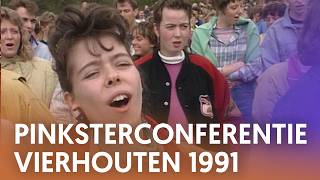 Pinksterconferentie Vierhouten 1991 Nederland Zingt [upl. by Anirav]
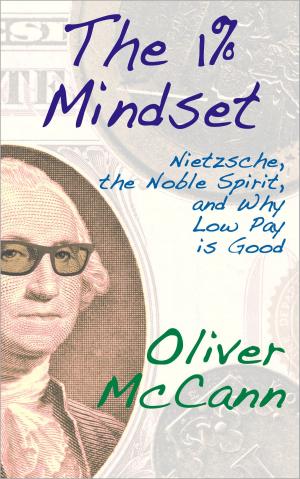 Book cover of The 1% Mindset: Nietzsche, the Noble Spirit, and Why Low Pay is Good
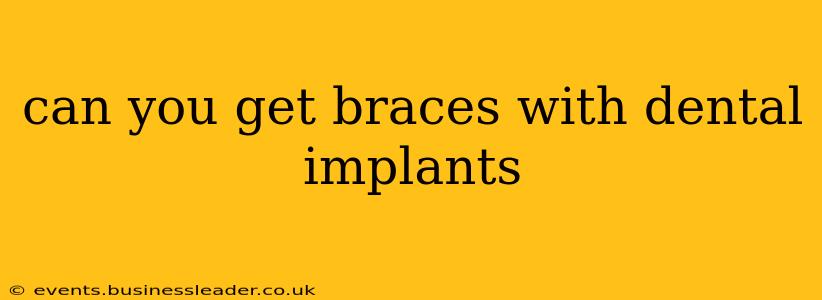can you get braces with dental implants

__Assignment__
Retype the listing exactly. Leave the pictures out.

__Exercise answer__
 Pinksterconferentie Vierhouten 1991 Nederland Zingt [upl. by Anirav]
 Book cover of The 1% Mindset: Nietzsche, the Noble Spirit, and Why Low Pay is Good
can you get braces with dental implants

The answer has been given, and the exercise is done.